Grammars and Metagrammars
We can summarize the various components that make up a grammar as follows:
- A grammar is a collection of rules that describe how a language is structured;
- A rule is a collection of productions that list the alternative ways in which parts of the language can appear;
- A production is a list of non-terminals and/or terminals that must appear in the text being parsed if the
surrounding rule is to match;
- A non-terminal is a reference to some other rule that must be matched as part of the matching of the
surrounding rule.
- A terminal is something that actually can literally appear in a text (a word in the grammar's vocabulary);
What's interesting about this summary is how similar it is itself to a grammar. Just as each grammar rule is defined as a series of references to other rules (non-terminals) and token names (terminals), so the terms 'grammar', 'rule', 'production',
'non-terminal', and 'terminal' are defined by reference to other terms (non-terminals) or by self-contained explanations (terminals). That leads to the somewhat recursive conclusion that you could define a grammar using a grammar. Or maybe even using the same grammar!

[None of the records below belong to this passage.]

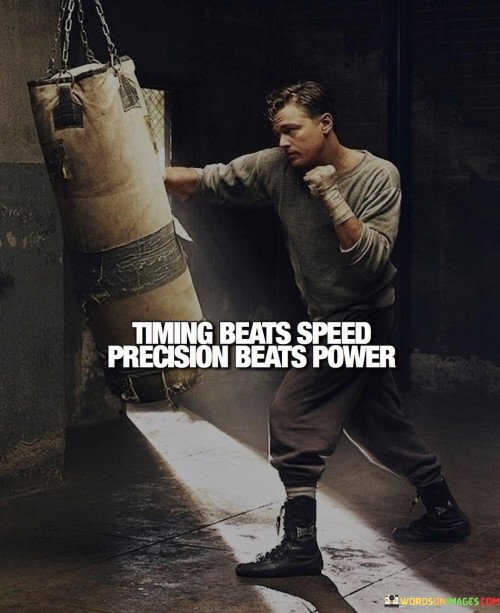 The quote contrasts the importance of timing and precision with speed and power. It suggests that being timely supersedes swiftness, while accuracy is more valuable than brute force. The quote implies that well-timed actions and precise execution yield superior results, highlighting the significance of strategic and skillful approaches.

Strategic timing prevails over mere speed. The quote conveys that a well-timed move surpasses hasty actions. It signifies that seizing opportune moments is more effective than reckless speed. By emphasizing the significance of temporal strategy, it encourages thoughtful decision-making and calculated actions for optimal outcomes.

The quote champions deliberate precision. It implies that careful execution triumphs over sheer power. It underscores that finesse and accuracy yield better results than raw strength. By underscoring the importance of skillful performance, the quote prompts consideration of the quality and precision of actions over relying solely on force.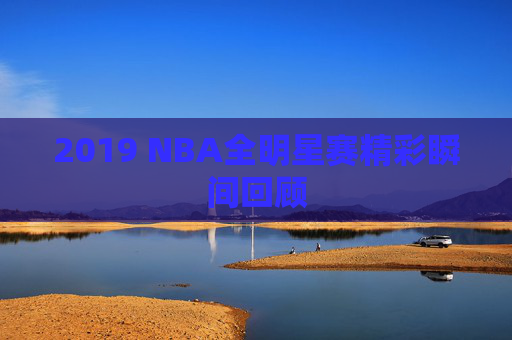 2019 NBA全明星赛精彩瞬间回顾
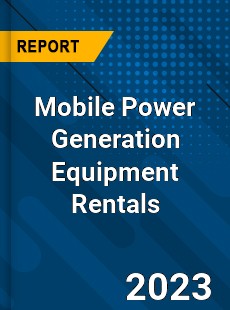 Global Mobile Power Generation Equipment Rentals Market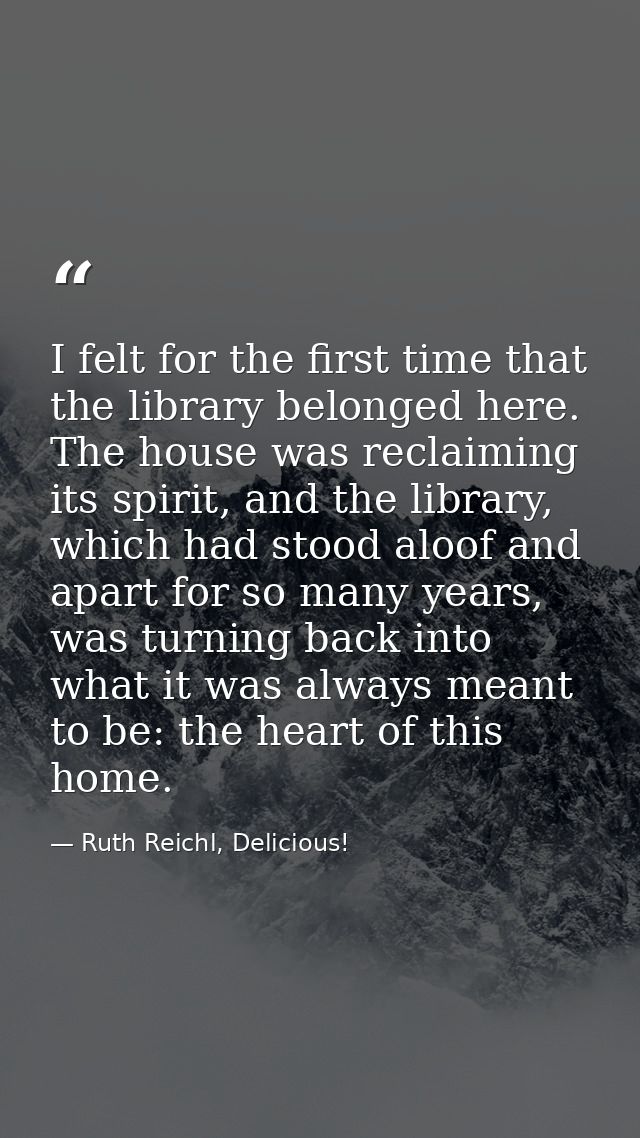 I felt for the first time that the library belonged here. The house was reclaiming its spirit, and the library, which ha — Ruth Reichl, Delicious!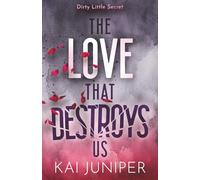 The Love That Destroys Us: The dark, addictive, high school bully romance with suspense (Dirty Little Secret)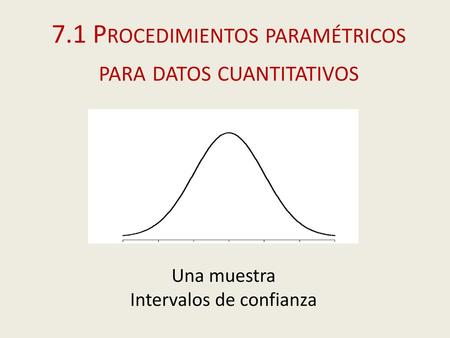 7.1 Procedimientos paramétricos para datos cuantitativos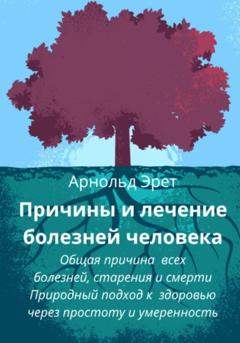 Арнольд Эрет Причины и лечение болезней человека Общая причина всех болезней, старения и смерти Природный подход к здоровью через простоту и умеренность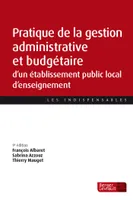 Pratique de la gestion administrative et budgétaire d'un EPLE (9e éd.)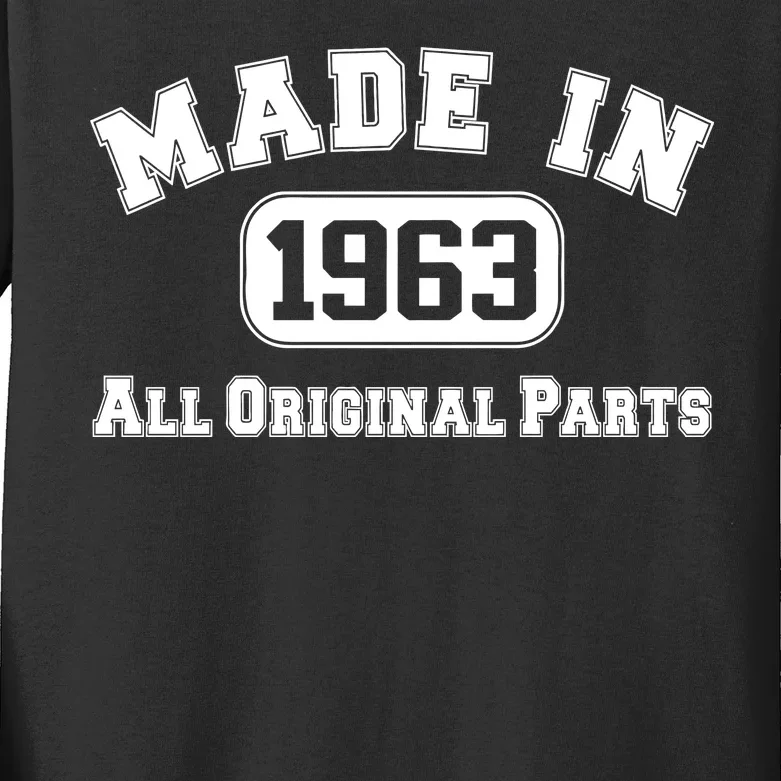 Made In 1963 All Original Parts1 Kids Long Sleeve Shirt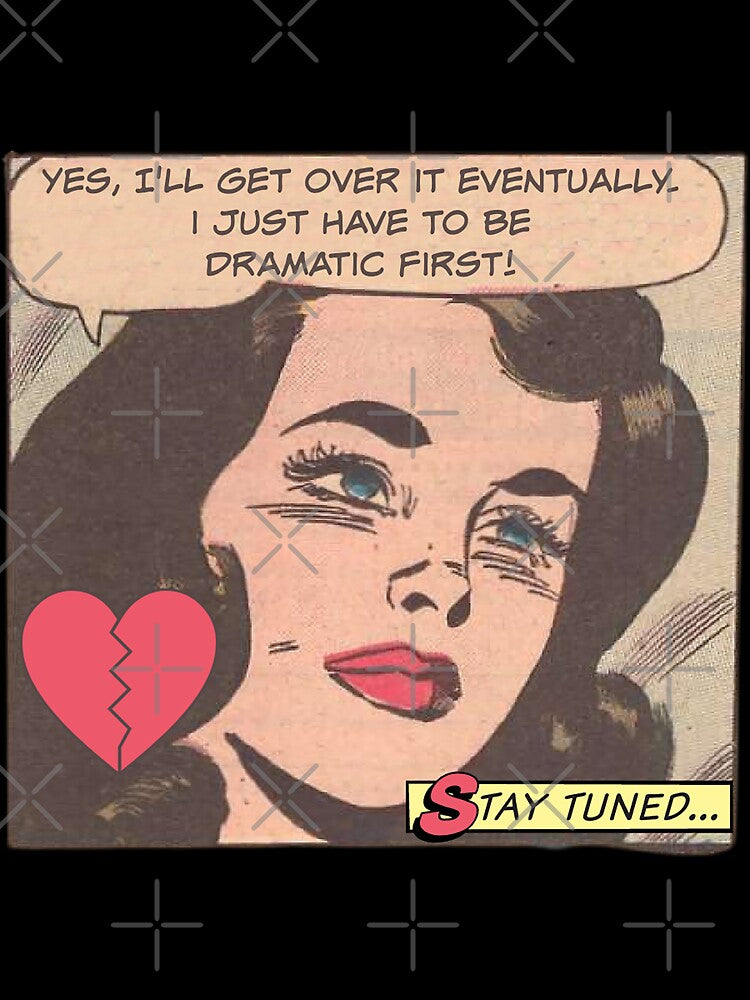 Yes, I'll Get Over It Eventually! I Just Have to be Dramatic First! Snarky Office Worker by SSustainable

And so you can. Here is the entire grammar for specifying Parse::RecDescent grammars, expressed itself as a
Parse::RecDescent grammar:
grammar: components(s)
component: rule | comment
rule: "\n" identifier ":" productions(?)
productions: production '|' productions | production
production: items(s)
item: lookahead(?) simpleitem | directive | comment
lookahead: '...' | '...!'
simpleitem: subrule args(?) | repetition | terminal | bracket args(?) | action
subrule: identifier
args: {extract_codeblock($text,'[]')}
repetition: subrule args(?) howoften
howoften: '(?)' | '(s?)' | '(s)' | /(\d+)?[.][.](/\d+)?
terminal: /[/]([\][/]|[^/])*[/][gimsoxe]*/ | /"([\]"|[^"])*"/ | /'([\]'|[^'])*'/
action: { extract_codeblock($text) }
bracket: '(' Item(s) production(s?) ')'
directive: '<commit>' | '<uncommit>' | '<resync>' | '<resync:' pattern '>'
| '<reject>' | '<reject:' condition '>' | '<error>'
| '<error:' string '>' | '<error?>' | '<error?:' string '>'
| '<rulevar:' /[^]+/ '>' | '<matchrule:' string '>'
identifier: /[a-z]\w*/i
comment: /#[^\n]*/
pattern: {extract_bracketed($text,'<')}
condition: {extract_codeblock($text,'{<')}
string: {extract_variable($text)} | {extract_quotelike($text)}
| {extract_bracketed($text,'<')}
The grammar is fairly straightforward, except perhaps the actions which call the various extract_ functions. These functions are imported from the Text::Balanced module and are useful shortcuts for parsing matching nested parentheses, Perl variables, quoted strings, Perl quotelike operators, and complete blocks of Perl text. It would be possible to dispense with all of these and encode the entire grammar without any actions, but then the grammar would be four
times bigger.
But, of course, now you're asking yourself: "Does Parse::RecDescent use a Parse::RecDescent grammar to convert grammars into parsers?" The answer is no. If Parse::RecDescent had to call Parse::RecDescent to build a parser for the Parse::RecDescent grammar, then that second version of Parse::RecDescent would itself have to call Parse::RecDescent to build a parser for the "Parse::RecDescent grammar" grammar, and that version would in turn have to call Parse::RecDescent to build a parser for the ' "Parse::RecDescent grammar" grammar' grammar, and so on right down to Little Cat Z.
Hence, although it can automatically build parsers for just about any other purpose, Parse::RecDescent must content itself with a hand-built parser.